* [Information given]
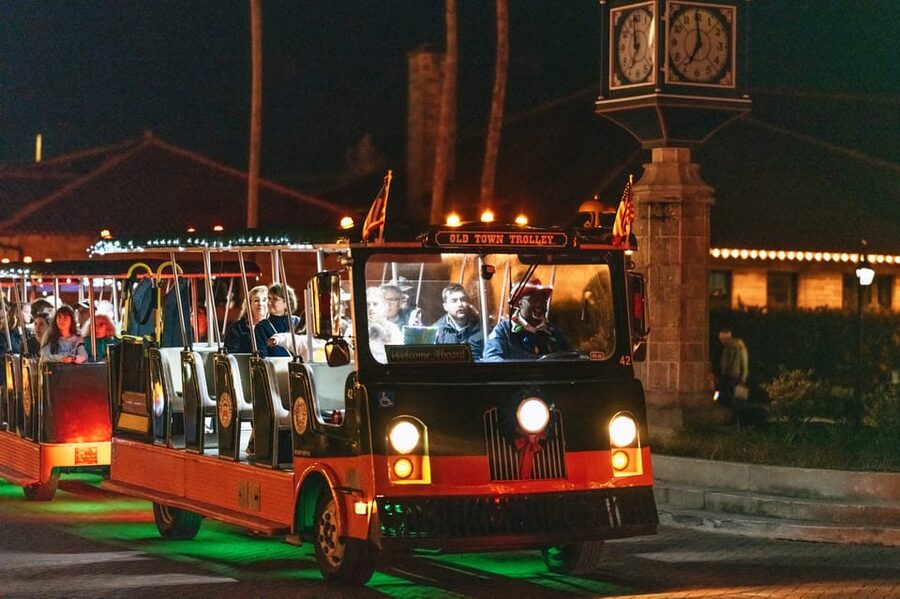 St Augustine: Nights of Lights Trolley Tour - The cider and cookie finish
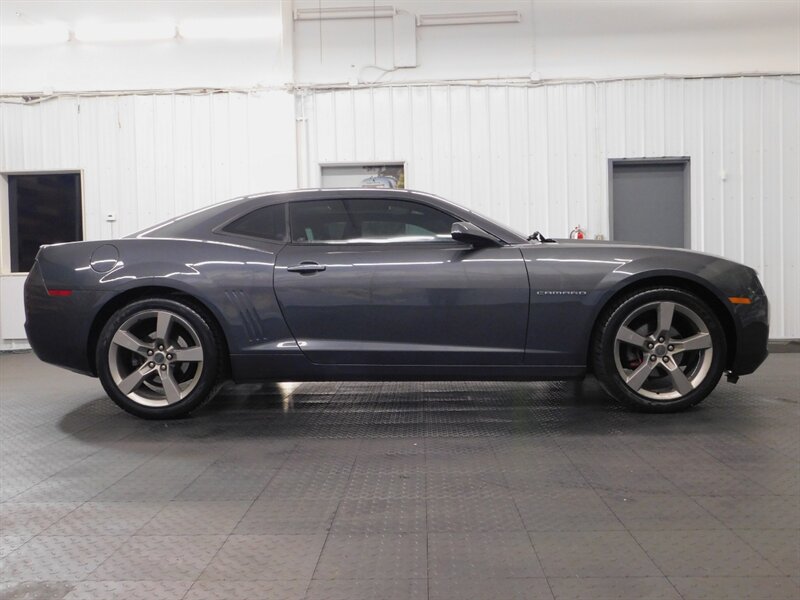 2010 Chevrolet Camaro LT Coupe 2DR / RS Pa   - Photo 4 - Gladstone, OR 97027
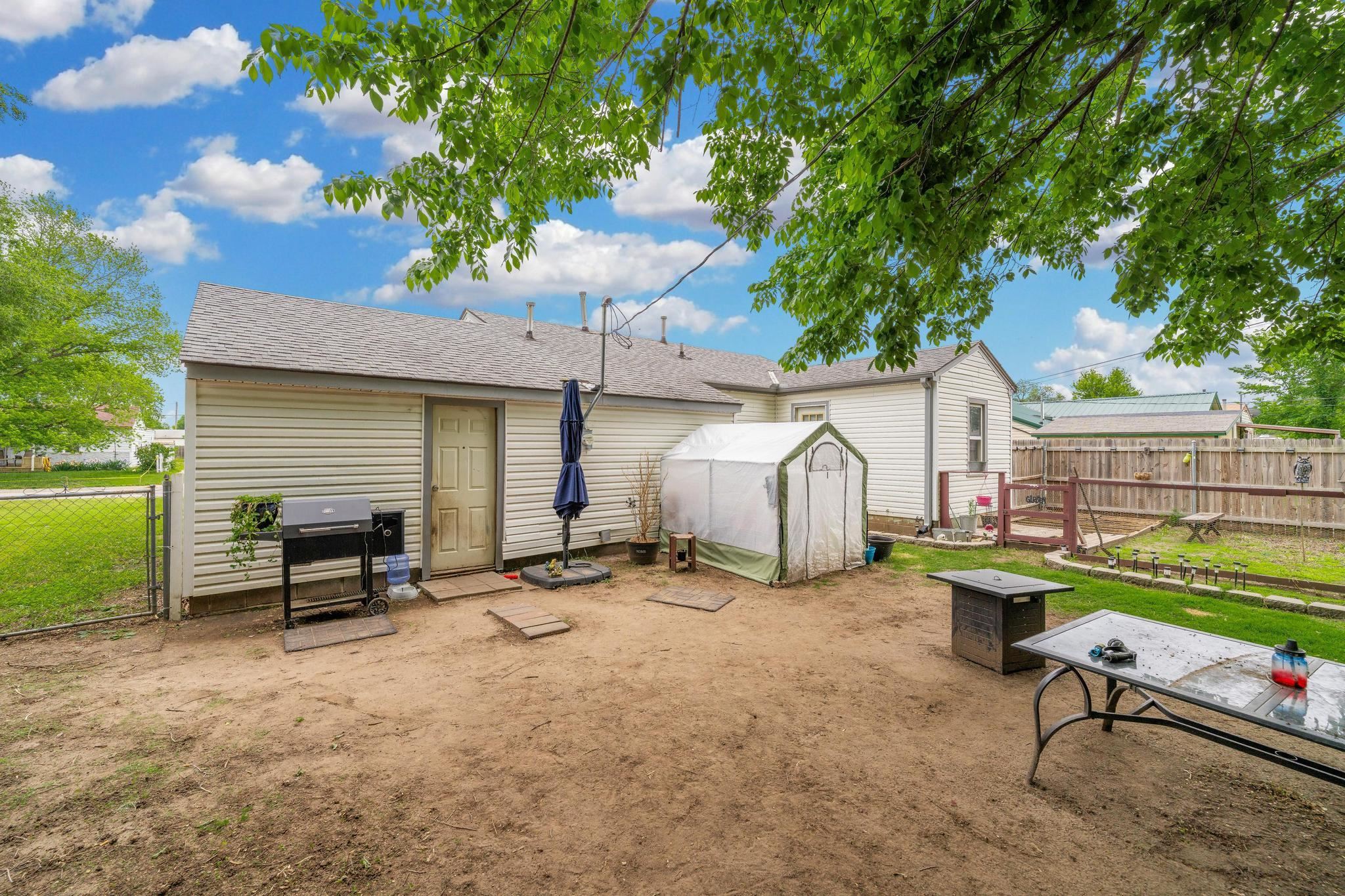 301 N Maynard Ave, Haysville, Kansas image 28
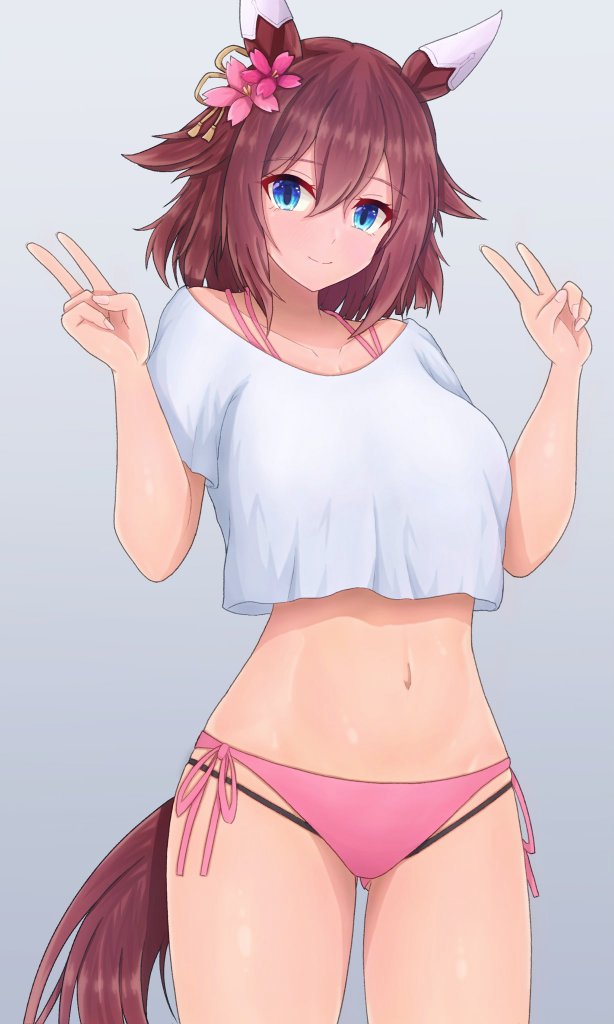 1girl alternate_costume animal_ears bikini blue_eyes brown_hair commentary_request cowboy_shot cropped_shirt double_v ear_covers ear_ornament gradient_background hair_between_eyes hair_flaps horse_ears horse_girl horse_tail m172/minatsu navel pink_bikini sakura_chiyono_o_(umamusume) shirt short_sleeves side-tie_bikini_bottom smile solo stomach swimsuit tail umamusume v white_shirt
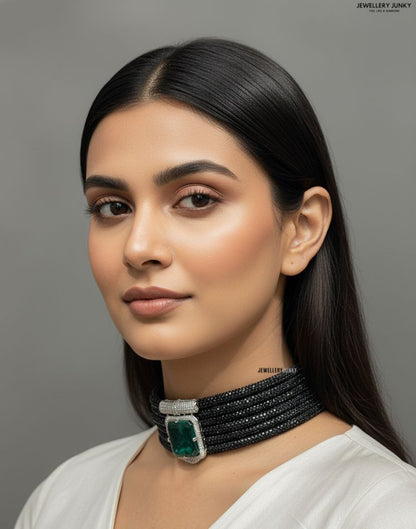 SAMUYA DIAMOND NECKLACE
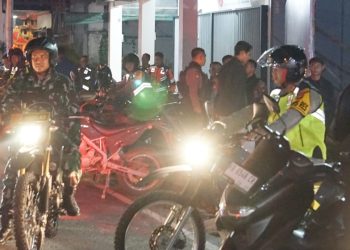 Malam Tahun Baru 2024, Kapolres Bersama Forkopimda Kota Singkawang Lakukan Patroli Bersama Dengan Sepeda Motor
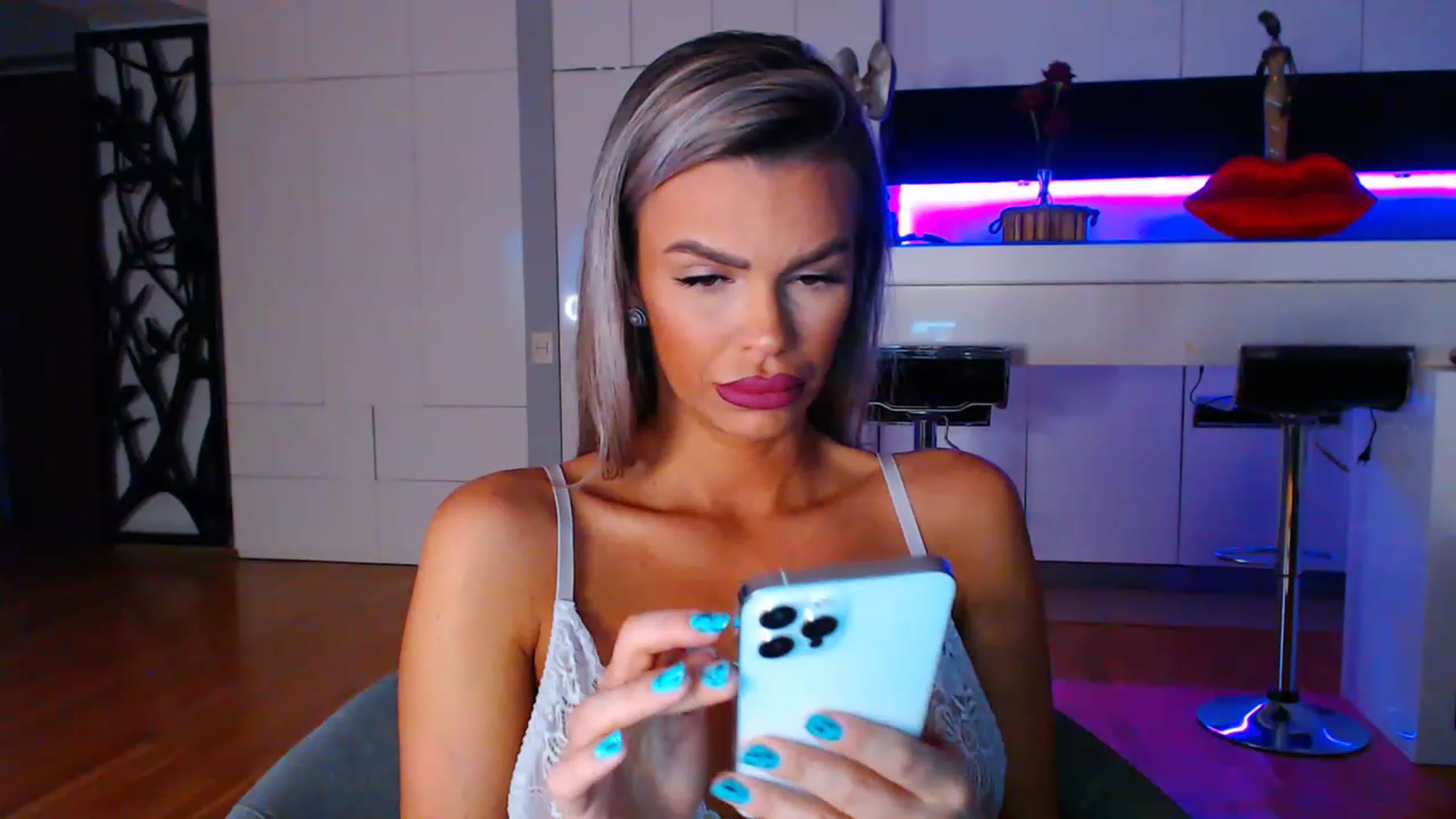 Gallery image thumbnail from D_y_y's myfreecams stream on, 04/07/2023, 04:02 image 4 of 20
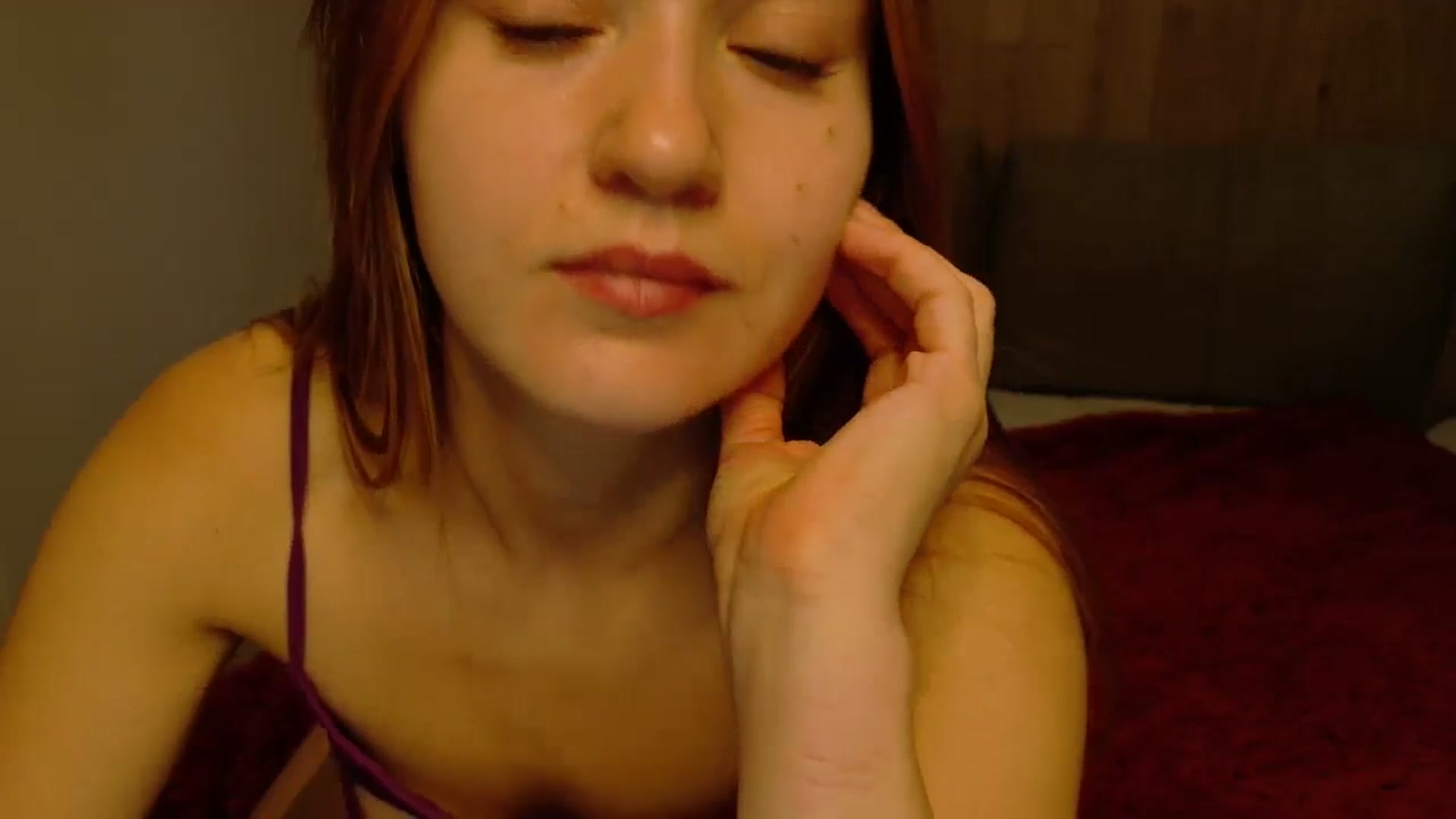 Gallery image thumbnail from samantamoons's myfreecams stream on, 09/20/2024, 24:31 image 16 of 20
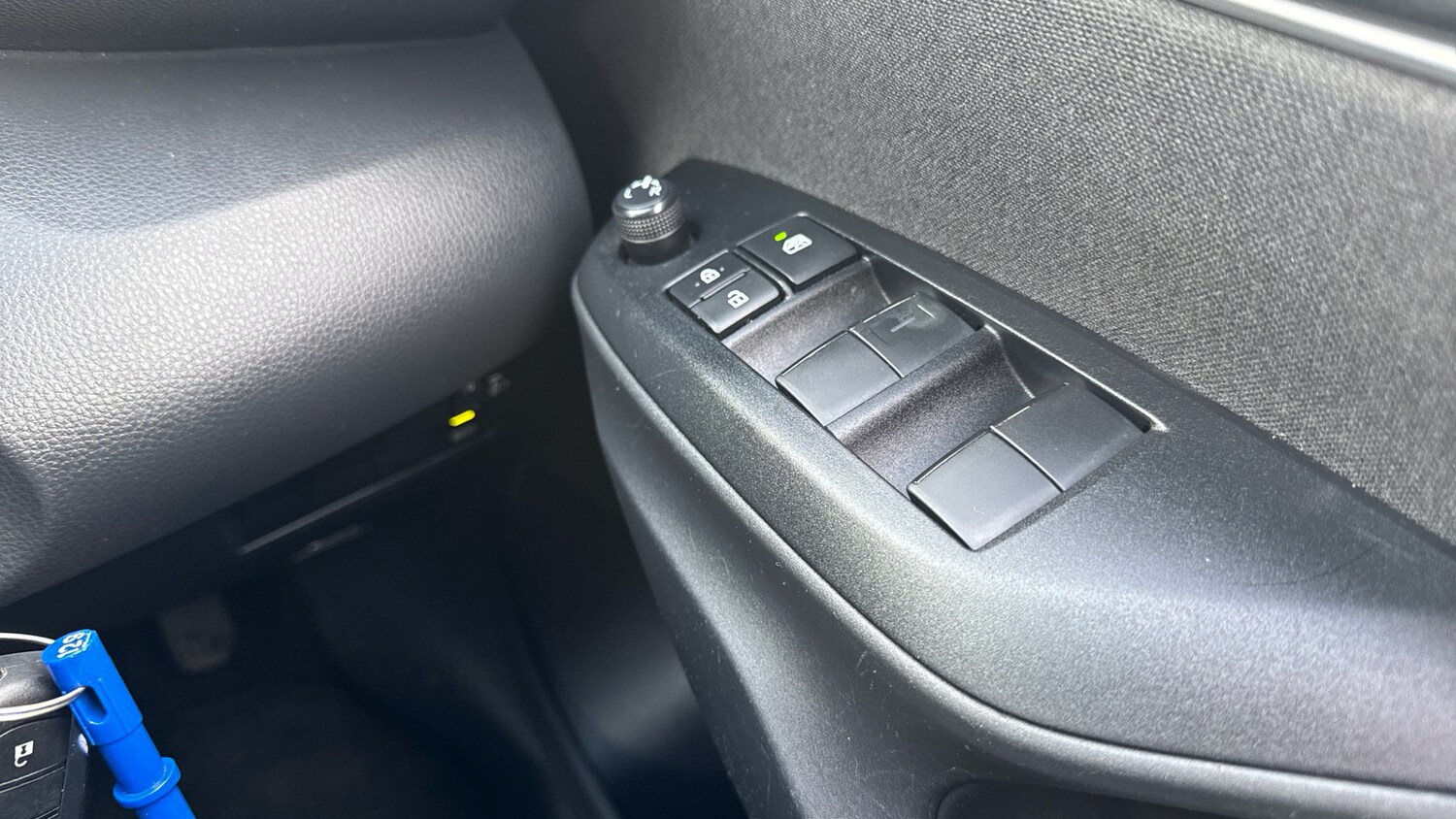 Used Toyota Yaris 2022 for sale - 77541919: Photo 27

* [What you are asked to do] From the first line to the last, repeat the material exactly, but drop the pictures.

* [Result of the task]
 St Augustine: Nights of Lights Trolley Tour - The cider and cookie finish
 2010 Chevrolet Camaro LT Coupe 2DR / RS Pa   - Photo 4 - Gladstone, OR 97027
 301 N Maynard Ave, Haysville, Kansas image 28
 1girl alternate_costume animal_ears bikini blue_eyes brown_hair commentary_request cowboy_shot cropped_shirt double_v ear_covers ear_ornament gradient_background hair_between_eyes hair_flaps horse_ears horse_girl horse_tail m172/minatsu navel pink_bikini sakura_chiyono_o_(umamusume) shirt short_sleeves side-tie_bikini_bottom smile solo stomach swimsuit tail umamusume v white_shirt
 SAMUYA DIAMOND NECKLACE
 Malam Tahun Baru 2024, Kapolres Bersama Forkopimda Kota Singkawang Lakukan Patroli Bersama Dengan Sepeda Motor
 Gallery image thumbnail from D_y_y's myfreecams stream on, 04/07/2023, 04:02 image 4 of 20
 Gallery image thumbnail from samantamoons's myfreecams stream on, 09/20/2024, 24:31 image 16 of 20
 Used Toyota Yaris 2022 for sale - 77541919: Photo 27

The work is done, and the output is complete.